New Study Analyzes Medical Lab Technician Scope of Practice
UCSF Healthforce Center, CHA Healthcare Laboratory Workforce Initiative collaborated on study

With support from CHA’s Healthcare Laboratory Workforce Initiative, the University of San Francisco Healthforce Center has released the attached comprehensive study comparing scope of practice nationwide for medical laboratory technicians (MLTs).

California, along with the rest of the nation, faces a critical laboratory workforce shortage. Clinical lab scientists (CLS) — bachelor degree trained individuals licensed to perform highly complex tests in a federally approved clinical lab — are in high demand and considered among the most difficult positions to fill in a hospital. To mitigate the impact of this shortage, in 2007 California licensed MLTs, after a long period of developing both a training program and regulations. MLTs are associate degree level professionals allowed to perform moderately complex tasks under federal law.

This national study compares the California MLT supply and scope of practice to those of other states.

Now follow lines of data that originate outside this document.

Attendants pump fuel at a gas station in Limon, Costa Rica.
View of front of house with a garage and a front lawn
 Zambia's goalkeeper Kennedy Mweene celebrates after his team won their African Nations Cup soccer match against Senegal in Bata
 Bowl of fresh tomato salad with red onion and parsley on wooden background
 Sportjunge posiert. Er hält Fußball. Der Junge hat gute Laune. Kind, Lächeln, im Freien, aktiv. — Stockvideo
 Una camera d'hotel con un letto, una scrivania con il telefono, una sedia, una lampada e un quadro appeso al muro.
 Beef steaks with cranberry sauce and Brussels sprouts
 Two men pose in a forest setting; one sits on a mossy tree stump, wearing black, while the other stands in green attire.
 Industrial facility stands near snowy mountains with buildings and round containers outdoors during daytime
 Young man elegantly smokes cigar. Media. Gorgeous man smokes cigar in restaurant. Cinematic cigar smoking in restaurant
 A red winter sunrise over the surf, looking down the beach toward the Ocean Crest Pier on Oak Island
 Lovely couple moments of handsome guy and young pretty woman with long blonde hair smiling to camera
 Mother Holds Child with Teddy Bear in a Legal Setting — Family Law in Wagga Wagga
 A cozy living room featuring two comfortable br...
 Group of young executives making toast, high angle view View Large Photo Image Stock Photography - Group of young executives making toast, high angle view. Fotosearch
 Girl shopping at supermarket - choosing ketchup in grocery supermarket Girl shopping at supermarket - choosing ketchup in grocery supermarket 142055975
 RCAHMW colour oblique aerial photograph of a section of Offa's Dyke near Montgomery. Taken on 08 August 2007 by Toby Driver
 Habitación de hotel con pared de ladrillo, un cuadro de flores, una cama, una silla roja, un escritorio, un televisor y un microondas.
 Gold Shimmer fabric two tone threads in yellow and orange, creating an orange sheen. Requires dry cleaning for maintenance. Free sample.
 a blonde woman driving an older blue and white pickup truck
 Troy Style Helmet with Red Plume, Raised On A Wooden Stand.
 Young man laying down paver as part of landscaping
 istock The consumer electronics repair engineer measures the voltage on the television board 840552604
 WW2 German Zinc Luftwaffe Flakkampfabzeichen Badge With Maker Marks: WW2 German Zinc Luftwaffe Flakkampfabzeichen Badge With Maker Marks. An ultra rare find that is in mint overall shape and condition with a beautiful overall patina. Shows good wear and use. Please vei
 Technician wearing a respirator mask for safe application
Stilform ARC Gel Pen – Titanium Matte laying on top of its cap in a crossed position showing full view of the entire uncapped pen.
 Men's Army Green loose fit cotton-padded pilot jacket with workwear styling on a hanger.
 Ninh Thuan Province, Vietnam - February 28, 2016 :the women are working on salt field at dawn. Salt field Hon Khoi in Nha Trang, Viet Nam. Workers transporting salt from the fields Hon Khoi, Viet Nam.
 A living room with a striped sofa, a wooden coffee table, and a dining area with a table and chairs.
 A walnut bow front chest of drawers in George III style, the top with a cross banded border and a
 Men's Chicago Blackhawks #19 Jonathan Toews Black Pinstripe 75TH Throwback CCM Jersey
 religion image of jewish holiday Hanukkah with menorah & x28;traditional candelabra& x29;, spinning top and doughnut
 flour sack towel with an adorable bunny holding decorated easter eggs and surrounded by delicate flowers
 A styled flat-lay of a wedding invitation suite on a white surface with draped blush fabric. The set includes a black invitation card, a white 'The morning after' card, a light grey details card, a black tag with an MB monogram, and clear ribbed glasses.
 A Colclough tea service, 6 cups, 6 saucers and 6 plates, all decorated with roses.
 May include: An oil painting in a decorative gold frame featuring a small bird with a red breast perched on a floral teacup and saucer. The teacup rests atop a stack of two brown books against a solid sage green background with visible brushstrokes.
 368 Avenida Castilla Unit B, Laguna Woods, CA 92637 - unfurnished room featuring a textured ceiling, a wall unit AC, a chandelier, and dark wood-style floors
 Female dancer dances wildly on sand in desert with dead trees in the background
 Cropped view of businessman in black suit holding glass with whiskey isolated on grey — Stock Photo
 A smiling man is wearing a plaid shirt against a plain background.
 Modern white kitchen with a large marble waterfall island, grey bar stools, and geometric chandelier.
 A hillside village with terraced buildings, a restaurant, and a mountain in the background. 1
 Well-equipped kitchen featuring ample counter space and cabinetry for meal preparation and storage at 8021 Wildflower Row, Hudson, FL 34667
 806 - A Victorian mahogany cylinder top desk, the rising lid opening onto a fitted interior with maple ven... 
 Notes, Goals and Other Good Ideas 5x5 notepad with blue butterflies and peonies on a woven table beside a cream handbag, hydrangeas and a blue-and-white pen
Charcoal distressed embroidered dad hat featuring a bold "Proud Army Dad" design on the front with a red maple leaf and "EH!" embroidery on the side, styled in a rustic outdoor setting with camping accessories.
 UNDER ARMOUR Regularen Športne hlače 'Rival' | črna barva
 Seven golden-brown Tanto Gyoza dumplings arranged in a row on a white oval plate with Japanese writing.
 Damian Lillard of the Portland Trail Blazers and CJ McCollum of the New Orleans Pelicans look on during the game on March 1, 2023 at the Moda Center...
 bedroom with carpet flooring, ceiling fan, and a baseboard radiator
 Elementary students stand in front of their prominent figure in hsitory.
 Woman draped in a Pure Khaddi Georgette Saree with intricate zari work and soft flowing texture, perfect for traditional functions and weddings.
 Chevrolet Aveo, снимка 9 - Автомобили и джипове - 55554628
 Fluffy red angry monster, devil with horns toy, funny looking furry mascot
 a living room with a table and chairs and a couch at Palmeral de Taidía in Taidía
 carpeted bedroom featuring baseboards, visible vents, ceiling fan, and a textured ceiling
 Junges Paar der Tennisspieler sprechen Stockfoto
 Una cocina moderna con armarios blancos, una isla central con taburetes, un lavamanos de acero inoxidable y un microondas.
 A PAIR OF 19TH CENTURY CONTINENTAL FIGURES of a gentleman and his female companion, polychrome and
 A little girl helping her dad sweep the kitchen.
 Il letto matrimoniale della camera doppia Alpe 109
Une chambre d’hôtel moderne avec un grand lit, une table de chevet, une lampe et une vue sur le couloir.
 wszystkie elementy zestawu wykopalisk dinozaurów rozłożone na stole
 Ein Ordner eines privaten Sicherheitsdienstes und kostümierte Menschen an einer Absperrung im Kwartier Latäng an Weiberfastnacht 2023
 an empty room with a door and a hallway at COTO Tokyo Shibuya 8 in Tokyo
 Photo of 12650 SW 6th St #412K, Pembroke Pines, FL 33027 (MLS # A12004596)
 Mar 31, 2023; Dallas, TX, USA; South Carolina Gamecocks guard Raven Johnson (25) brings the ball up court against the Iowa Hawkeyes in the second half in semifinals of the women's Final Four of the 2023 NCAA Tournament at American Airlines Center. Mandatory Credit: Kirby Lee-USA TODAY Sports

Findings indicate that California’s MLT supply is scarce (the lowest per capita in the nation), and the scope of practice is more restrictive than any other state. Laboratory personnel in other states that regulate MLTs generally support MLTs practicing to their highest level of training. For example, California law restricts MLTs from performing microscopic blood smear reviews, microscopic urinalysis and ABO/Rh testing — activities not prohibited by federal law. Many experts believe that if California’s MLTs were allowed to perform these moderately complex tests, laboratory efficiencies could be improved and the impact of the CLS workforce shortage eased by freeing up CLS staff  for high-complexity testing, making better use of their time and expertise.